Perhaps you heard the sound clip floating around the internet last week. To some it sounds like Laurel (which is clearly right), while to others it sounds like Yanny. It’s a silly example, but it quickly created a stir because everyone was either Team Laurel or Team Yanny. The creators of the soundbite eventually let all know that both names were said at the same time in the clip. And, what one hears depends upon the default register of that person’s hearing.

But, one priest I know took it a little further than this. He wrote, “A thing can be two things at the same time, depending on context and perspective, even if you can only perceive one of those perspectives. Shocking, I know. Now apply to your relationships and consideration of other human beings.” My friend in responding to something silly stumbled upon a very cogent theological thought on the Trinity.

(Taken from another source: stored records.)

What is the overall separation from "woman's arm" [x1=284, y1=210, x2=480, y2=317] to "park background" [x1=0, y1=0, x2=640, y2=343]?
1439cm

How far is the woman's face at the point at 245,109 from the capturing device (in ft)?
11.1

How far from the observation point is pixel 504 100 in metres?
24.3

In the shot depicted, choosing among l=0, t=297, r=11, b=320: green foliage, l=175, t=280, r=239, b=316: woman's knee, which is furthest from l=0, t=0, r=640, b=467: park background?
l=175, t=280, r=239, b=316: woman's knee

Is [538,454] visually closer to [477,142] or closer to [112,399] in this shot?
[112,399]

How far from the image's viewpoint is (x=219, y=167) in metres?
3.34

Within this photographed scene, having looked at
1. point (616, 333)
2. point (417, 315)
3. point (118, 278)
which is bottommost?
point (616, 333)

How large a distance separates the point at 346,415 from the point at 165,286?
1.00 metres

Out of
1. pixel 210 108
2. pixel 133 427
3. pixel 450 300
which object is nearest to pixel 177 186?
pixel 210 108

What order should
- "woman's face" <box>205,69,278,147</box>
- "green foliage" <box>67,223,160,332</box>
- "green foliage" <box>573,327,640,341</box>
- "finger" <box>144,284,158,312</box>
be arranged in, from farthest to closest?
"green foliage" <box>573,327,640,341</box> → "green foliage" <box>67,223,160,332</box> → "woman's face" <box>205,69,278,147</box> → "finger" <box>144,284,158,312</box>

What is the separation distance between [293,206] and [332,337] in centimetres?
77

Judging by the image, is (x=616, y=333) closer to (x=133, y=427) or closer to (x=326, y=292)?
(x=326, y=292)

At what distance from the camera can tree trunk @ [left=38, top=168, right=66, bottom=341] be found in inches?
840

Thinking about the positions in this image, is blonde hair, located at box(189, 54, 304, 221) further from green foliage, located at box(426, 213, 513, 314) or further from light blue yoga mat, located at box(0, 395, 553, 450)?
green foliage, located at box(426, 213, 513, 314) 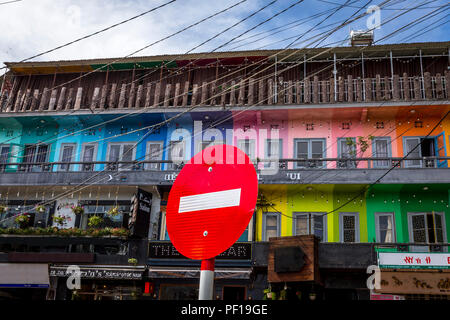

When talking about who God is we so often want to say something definitive. This is good and right so to do. However, when someone else says something different about who God is our first instinct may very well be to shoot them down as wrong. How will we learn about the complexities of God if we only rely upon how we see God? How will we learn of the complexities of each other if we already have our minds made up about who the other is? A thing can be two things at the same time depending upon context and perspective, even if I can only perceive one of those perspectives.

The mysterious nature of the Trinity makes sense one moment and defies our feeble minds the next. God is Father, but God is also Son, but God is also Spirit. God is Creator, Redeemer, and Sustainer. While none of these is the other, they are all God and they are all one. One equals not the other, but all equal God. To see this truth though we cannot simply see things with our either/or, literal eyes. This is what got Nicodemus stuck.

He heard Jesus say that one must be born again. The word for “again” is also the word for “from above.” Jesus was talking about both of those at the same time. Nicodemus only heard “again,” and thus was stuck. He could not get the full grasp of who God was in that moment, for he was seeing with literal, either/or vision.

We too can see get stuck seeing God or other people with either/or vision. But, this will only allow a very limited view of God or the world. A view that will keep us thinking only on the literal level. We need the literal level, but to see the immensity of God we need both/and vision. We really need beyond both/and vision. We need three/and vision. We must be willing to be mystified, stupefied, and astonished by God being THREE—Father, Son, Spirit—AND one—God.

The gift that today provides us is not good preaching. Rather, it’s the opportunity to wonder about the ultimate reality who God is. God and the multiverse that God creates goes far beyond literal, either/or existence. The Trinity and our wrestling with this BIG theological idea gifts us with a chance. A chance to see what is on the surface and what runs much deeper. It helps us to see that we need each other’s viewpoints. And, it provides us an opportunity to dream beyond the black and white thinking that pervades so much of society. May we expand our vision to see the enormity and complexity of each other and God who is Father, Son, and Spirit. Amen.